Olaf Molenveld: That's a very good point, especially in this space and this area of machine learning and AI. Why do we write software? That's an interesting question. I always like to ask the three or five times why. I think we write software because we want to create value for the users of the software. My background when I started was building things like content management systems and e-commerce platforms. One of the core things about those systems is that you allow non-technical people, the business, to do their thing with the software. They can create their own websites or web pages or product categories online.

I think it's the same way with writing software. You want to have it in the hands of users. You can write the most beautiful code, really awesome regular expressions that you're super proud of. I was a coder at some point and I still do it for fun. But if nobody is using that code or the application that the code is making up, then what's the use? You designed this beautiful car with the most awesome features, but there's no factory line, no factory that churns out these cars, so nobody's driving them. Nobody's enjoying the experience. Getting the software in the hands of people is the most important mile. Otherwise it stays in your little computer domain and nobody's telling you it sucks or it's awesome, or can you change this for me because then it's even better. That's the feedback loop that every product person or software developer with a product mindset is looking for.

Julian Wood: That's interesting, you're talking about the factory and automation, which I think ties into CI/CD. I read an interesting social media post knowing we were going to chat. Somebody said that CI/CD is what everybody's working on, but before you get to CI/CD, there are so many things you need to do beforehand. You need to have robust tests, you need to write code with tests in it, you need to have governance, security, analysis of your code base, all in place. Then CI/CD is the last mile, as you said. But you need to have written your tests, built your pipelines, done all this stuff beforehand. When DevOps started, that was the genesis of all of this. Yes, you need to have automated tests. Yes, you need to be able to have small bits of code that you can iterate over quickly, small bits of changes through your pipelines. But that's a lot of work. Where do people start? What are you seeing in terms of where they go wrong or where the CI/CD becomes difficult and complex for the last mile when they haven't done maybe the preceding stuff?

Olaf Molenveld: That's a very interesting angle. In the DevOps space, we always talk about moving left or shifting left and shifting right. We did canary releasing for containers and microservices, which was typically about moving right. How do you get your stuff into production? The difference between deploying and releasing is also a very interesting one. Deploying is something technical, but releasing is more like opening it up to people who can start using it, and then you start getting the feedback.

Julian Wood: And that can be a business decision or can I allow something to be accessed?

Olaf Molenveld: Yes, it can be very gradual, staged. Then you want to understand how it's being used and if it's up to speed or if it's actually doing what it's supposed to do. But then you also have shift left, which is more the testing period: the unit tests, the integration tests, synthetic testing, all that stuff. I think the reason you want to automate is because before DevOps, and in my mind DevOps is a cultural thing, it's developers working with ops and ops working with developers, understanding each other so they can have the right handovers. But even before DevOps, if you want to have automation where you can deliver software that's not broken or buggy, you want to have your tests automated. When you change something, you want to make sure that it's not breaking something. Having this in a continuous loop is important.

You change something and you look at your dashboard. In the early days, like Cruise Control and Jenkins, I still remember people would say "you broke the build" and then the dashboard is red, or "wow, that's awesome" when it's green. But you know why it was awesome? Because people would look at this thing, not just me as a developer. Other people would also see that something is broken. Maybe I need to help, or it's more like a collaborative thing. I think the automation helps people to work together.

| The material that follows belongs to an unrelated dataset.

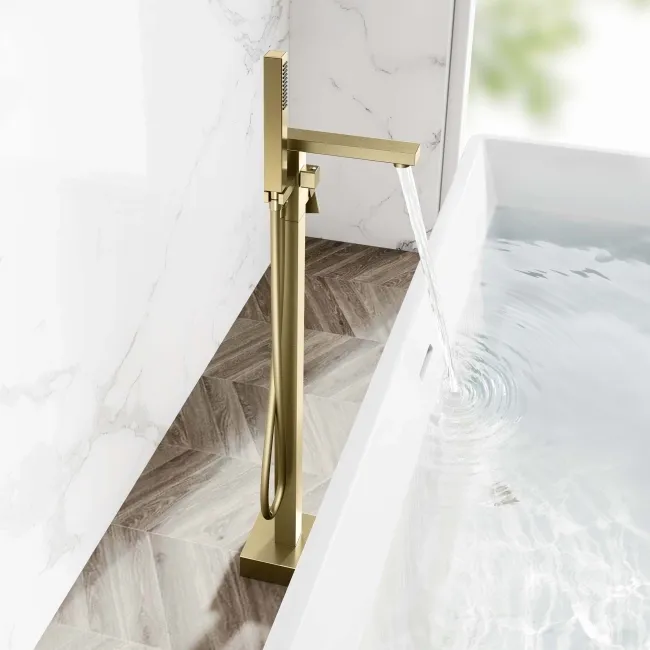 Tamar Brushed Brass Freestanding Bath Shower Mixer Tap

The complexity comes when we start introducing more services, microservices, or slicing up pieces of the monolith. Then you get dependencies outside of your monolithic code base. If you update this thing, how do you update your database? If you start doing mono repos, what tests do you need to run if you only touch this part of the code? That complexity is introducing something which we did with code, like automated testing and integration testing to make it more dependable. We're also seeing this now happening on a layer above where you have the CI/CD or your DevOps automation. Infrastructure as code is automation. You write a program to automate things. But now we also have another layer, like a meta application that is building and testing and deploying and releasing and measuring.

You get these challenges: before I change something in my delivery pipeline, in my factory, how do I make sure that it's not breaking something somewhere else in my ecosystem? It's becoming an ecosystem, not only the big monolith that you deploy every three months.

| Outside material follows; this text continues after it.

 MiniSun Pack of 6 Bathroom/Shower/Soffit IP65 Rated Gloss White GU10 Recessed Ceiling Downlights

Julian Wood: I like that view of the analogy of running the factory and then what the factory produces. In modern factories creating cars, for example, you do have the cars that you are creating, but the robots and the machines that are actually making those cars is another whole ecosystem itself. That's the care and feeding of your CI/CD system. If your robot that is punching some piece of metal breaks down or doesn't work, you don't get cars out.

Olaf Molenveld: I think it's a very interesting analogy. I'm remembering Northvolt, which was a battery producer, a manufacturer. They went bankrupt a few months ago. The reason they didn't survive was interesting because they were not able to manage the automation, the machines that allowed them to produce the batteries at scale. That's the challenge. We are in the business of building the machines that allow you to deliver your software at scale with the right quality. The machines are a totally different area of knowledge and experience and understanding.

Today, there are only a few Chinese companies that are able to build these machines that can produce these big batteries at scale, and they only have the engineers that are able to configure these machines. That's the big challenge: how can we allow companies and teams to also manage and set up their machines to create these pipelines that churn out their software in a scalable, effective way with the right quality that they require?

The Evolution of Pipeline Architecture

Julian Wood: The analogies I'm thinking of, I work on serverless applications in AWS, so it's often all about microservices, small little functions or APIs that you're delivering. The analogy that I've spoken about before is that you often had one pipeline. I remember looking over people's shoulders at Jenkins scripts and being like, "oh my word, how on earth does that happen?" One pipeline, everything goes through. But I think the modern reality today is you never have one pipeline. There can be many pipelines in every feature branch or every little component. Every little microservice can have its own pipeline that can maybe dynamically spin up to run something and shut down. From a serverless perspective on AWS, that's great because you want everything dynamic and you only want to pay for things you use, and have the dynamic creation of your pipeline.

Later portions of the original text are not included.